▶ **ASSIGNMENT**
What is wanted is every line below from the one with "Stihl chainsaws Image 2" up to and including the one with "Потолочная люстра Natali", retyped exactly, pictures excluded, nothing else.
[DATA SHOWN]
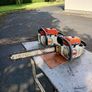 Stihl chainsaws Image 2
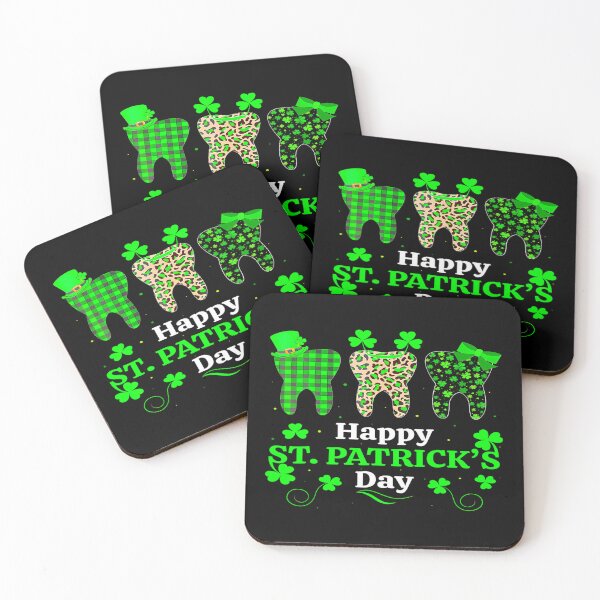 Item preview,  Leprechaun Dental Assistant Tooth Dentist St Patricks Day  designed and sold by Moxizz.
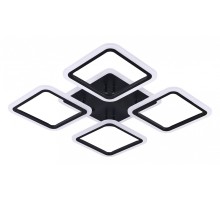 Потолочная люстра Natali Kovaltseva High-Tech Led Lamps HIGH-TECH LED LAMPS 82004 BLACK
[/DATA SHOWN]
[DATA SHOWN]
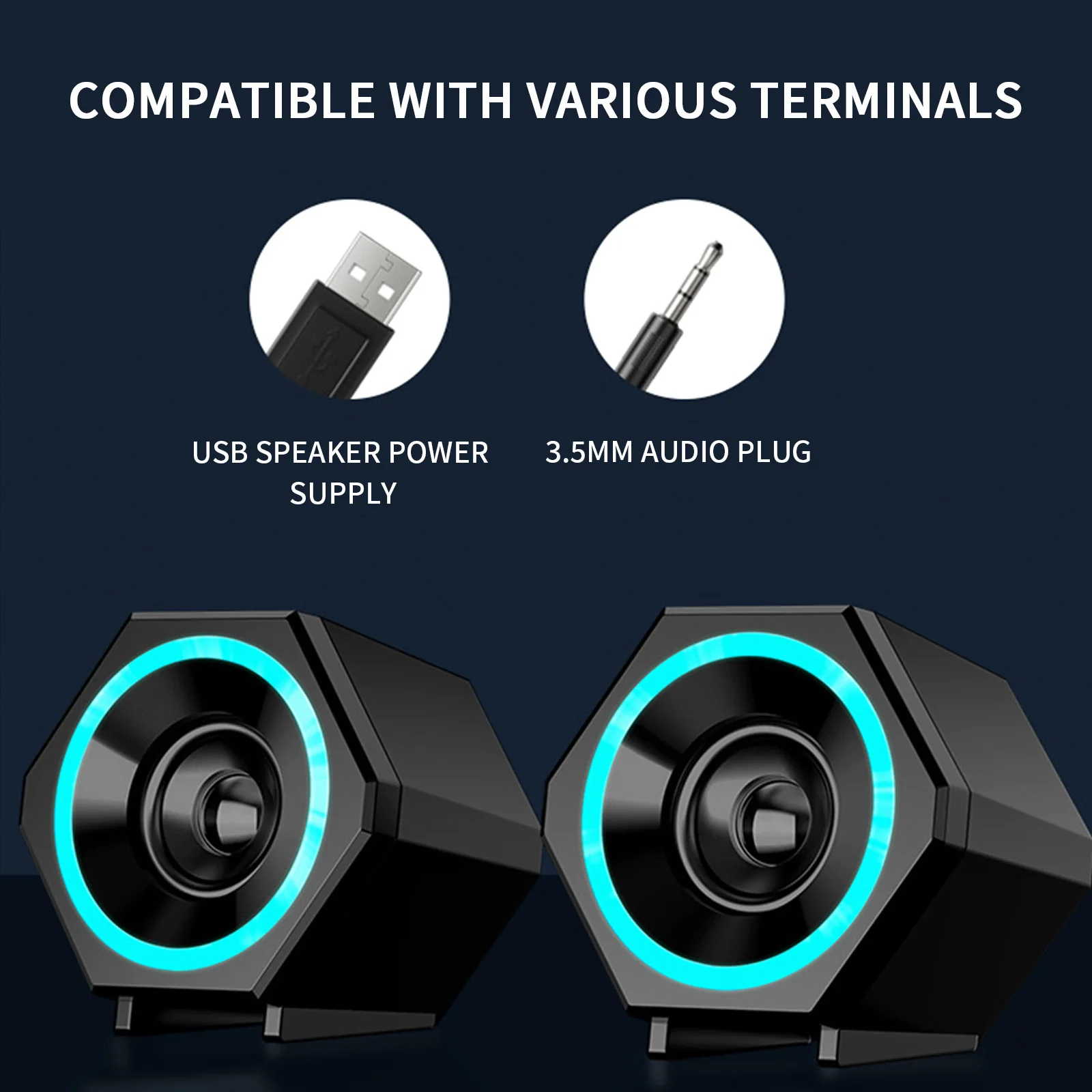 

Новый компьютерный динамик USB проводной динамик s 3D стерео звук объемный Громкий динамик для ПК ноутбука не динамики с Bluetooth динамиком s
[/DATA SHOWN]
▶ **ANSWER TO THE PROBLEM**
 Stihl chainsaws Image 2
 Item preview,  Leprechaun Dental Assistant Tooth Dentist St Patricks Day  designed and sold by Moxizz.
 Потолочная люстра Natali Kovaltseva High-Tech Led Lamps HIGH-TECH LED LAMPS 82004 BLACK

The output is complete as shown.